Le educatrici, spesso il primo punto di contatto, sono collocate in prima linea nel contrastare la diffusione delle malattie. Quando un bambino con sintomi di malattia viene lasciato al nido o alla scuola, l’educatrice deve esercitare una sorveglianza costante, prestando attenzione non solo alle sue esigenze ma anche alla potenziale esposizione degli altri bambini. La preoccupazione è duplice: c’è il rischio di un effetto domino che può portare a un’epidemia a livello di classe, e c’è il carico emotivo di vedere i bambini non al meglio della loro salute.
Un’educatrice di un nido di Verona condivide le sue preoccupazioni: “Ogni volta che un bambino malato resta in classe, dobbiamo essere estremamente vigili. Ciò significa pulire e disinfettare continuamente, separare i giocattoli usati dai bambini ammalati e monitorare tutti i bambini per qualsiasi segno di malattia. È un lavoro che richiede molta più energia e attenzione.”
Le conseguenze sugli altri bambini possono essere immediate. I piccoli, con i loro sistemi immunitari ancora in via di sviluppo, sono particolarmente vulnerabili ai germi. Un semplice raffreddore può trasformarsi rapidamente in qualcosa di più serio, come l’influenza o la bronchite, e può facilmente diffondersi in un ambiente dove i bambini giocano e imparano in stretta vicinanza.
Oltre all’impatto sulla salute, c’è anche un carico di lavoro aggiuntivo che ricade sulle spalle delle educatrici. La necessità di attenzioni speciali per i bambini ammalati può ridurre il tempo e le risorse dedicate ad attività educative e ludiche, fondamentali per lo sviluppo dei piccoli.
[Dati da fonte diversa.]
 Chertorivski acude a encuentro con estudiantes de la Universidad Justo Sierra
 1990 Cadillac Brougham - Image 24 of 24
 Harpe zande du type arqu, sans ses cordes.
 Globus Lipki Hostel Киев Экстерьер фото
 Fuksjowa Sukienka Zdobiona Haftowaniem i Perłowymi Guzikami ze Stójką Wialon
Inoltre, il rischio di ammalarsi anche per gli educatori è un’ulteriore fonte di stress, che può portare a un circolo vizioso di assenze e sostituzioni all’interno dello staff.
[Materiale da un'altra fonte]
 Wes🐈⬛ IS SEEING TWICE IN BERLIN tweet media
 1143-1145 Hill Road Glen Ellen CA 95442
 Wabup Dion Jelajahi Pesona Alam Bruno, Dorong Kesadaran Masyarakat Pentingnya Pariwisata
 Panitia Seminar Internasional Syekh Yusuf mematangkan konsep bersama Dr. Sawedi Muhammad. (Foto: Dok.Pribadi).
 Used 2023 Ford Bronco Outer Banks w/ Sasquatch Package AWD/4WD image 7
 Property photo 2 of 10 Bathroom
“Quando un bambino sta male, la nostra preoccupazione è sempre per il suo benessere, ma non possiamo ignorare l’impatto che questo ha sugli altri bambini e su di noi,” aggiunge l’educatrice. “A volte ci sentiamo impotenti, perché le nostre possibilità di azione sono limitate dalle norme e dalle politiche attuali.”
Per affrontare queste sfide, alcune scuole stanno sperimentando politiche più rigide sull’ammissione di bambini malati e promuovendo una maggiore flessibilità lavorativa per i genitori. La collaborazione tra le famiglie e le istituzioni educative è fondamentale per garantire che la salute dei bambini sia la priorità, senza trascurare le esigenze dei genitori lavoratori. Solo unendo le forze sarà possibile trovare un equilibrio tra cura e prevenzione, riducendo così il peso che le malattie stagionali pongono su tutti i membri della comunità educativa.